Thursday Salute to Originals: Designing the Experience of Food
It’s no secret that the fundamental goal of design is to shape the world around us in new and innovative ways. As designers, we set forth to enhance the human experience by creatively solving problems, tactfully tailoring aesthetics, and bringing forth something fresh and new. But while design enhances perceptual and spatial experiences, it less often impacts and alters our own instinctual behaviors, the most basic and involuntary of human actions.
Take the instinctual act of eating, for example, a tradition which many are gathering to celebrate on this Thanksgiving Day. No matter the setting, the type of food, or the company, food is consumed in generally the same way: put food in mouth, chew, swallow, repeat. However, it is this involuntary habit – the primeval act of eating – that Marije Vogelzang designs. Instead of focusing on the appearance of the food or the interior atmosphere in which it is consumed, Vogelzang emphasizes the visceral act of satiating hunger, highlighting how you eat, how you experience the food, how you ingest something. Below are a couple of our favorite examples of Vogelzang’s food “designs” that highlight and shape the art (and instinct) of consumption.
Sharing Dinner
Using a tablecloth to create a tent-like enclosure, Vogelzang forces a separation of head and body, while facilitating a physical connection to others at the dinner table. Forced to eat though slits in this continuous suspended sheet (almost like a harness), each person’s movements are restricted, and impact others at the table. Here, pouring yourself a glass of wine or taking a bit of your meal isn’t a solo experience. Each action (even ones that may be instinctual) will affect others at the table. The movements and habitual eating tendencies of each diner become fluid, almost like a waves in the sea, and are felt and shared by all. The meal is less about eating, and more about understanding and experiencing how other diners consume their food.
Eating on the Beat
Typically, there is no rhyme or reason to how we put food into our mouths. We need food to survive, so when we’re hungry, down the hatch it goes. But, typically, no one is timing how many seconds pass between bites, how long it takes to cut your meat, how quickly you slurp the soup from your spoon. In this event, Vogelzang eliminates instinctual timing of ingestion, and instead interjects a strict, and somewhat stressful, eating regimen.

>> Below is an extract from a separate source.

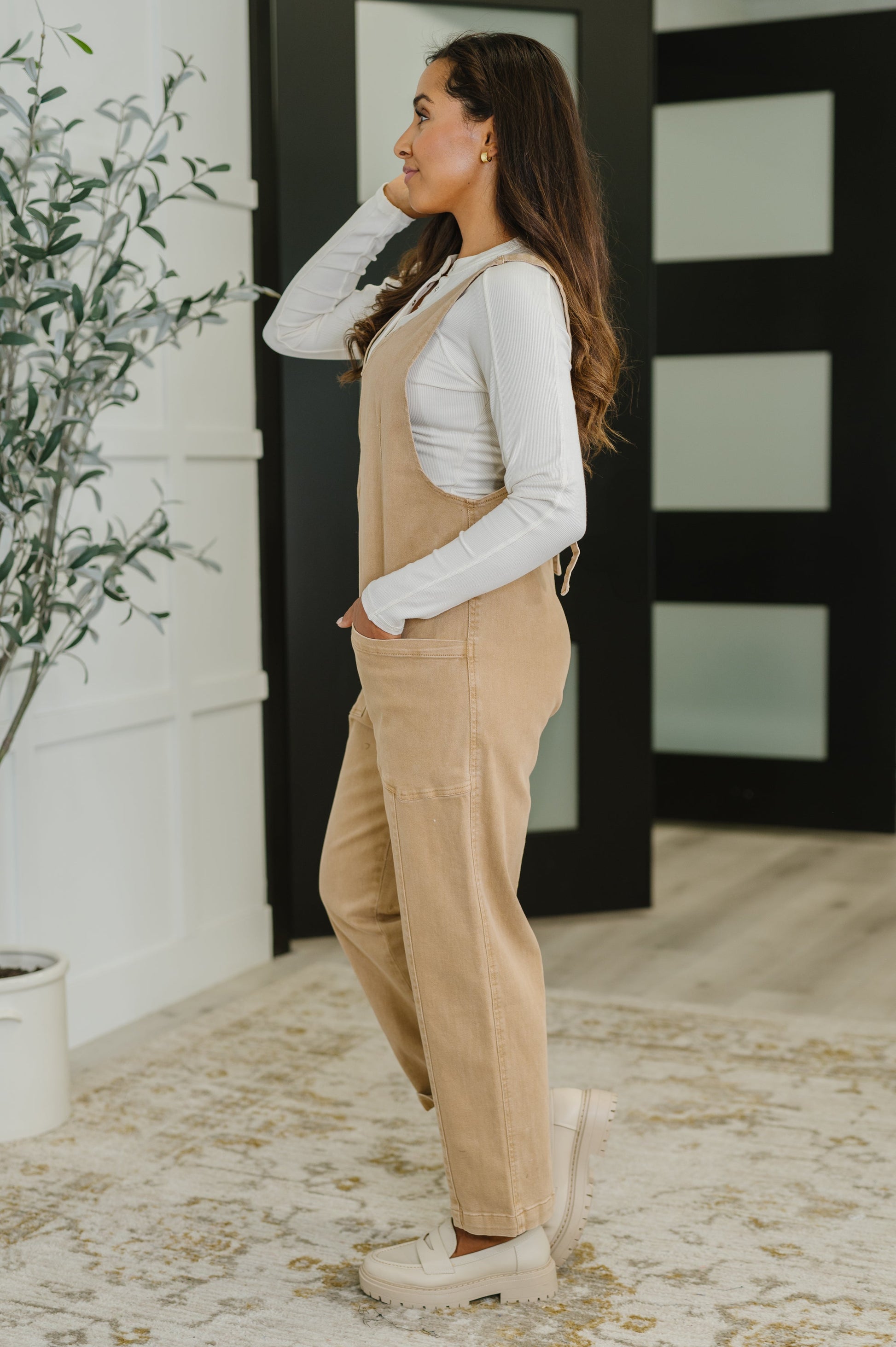 Side angle of Litzy V-Neck Jumpsuit in Brush showing relaxed silhouette, adjustable straps, and picnic-ready style.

Allowing bites of specific food only to be taken to each and every beat of a drum, the solo act of satisfying one’s basic feeling of hunger is taken away here, leaving the diner to eat on an independent schedule unrelated to their own personal needs. So finished chewing or not, full or not, you are forced to eat as a victim of the beat, not as a human simply satiating a basic need. With everyone tasting and chewing the exact same bite of food at the exact same time, the act of eating becomes regimented, yet communal, creating a whole new dynamic to consuming nourishment.
While we’re not sure if you’ll find these food experience “designs” at to a restaurant near you any time soon, they do call attention to instinctual habits that often go unnoticed. It just goes to show how faceted design can be, and how tactful thought, creativity (and a lot of delicious food!) can impact not only our perceptual and spatial experiences, but our involuntary and most basic human tendencies as well.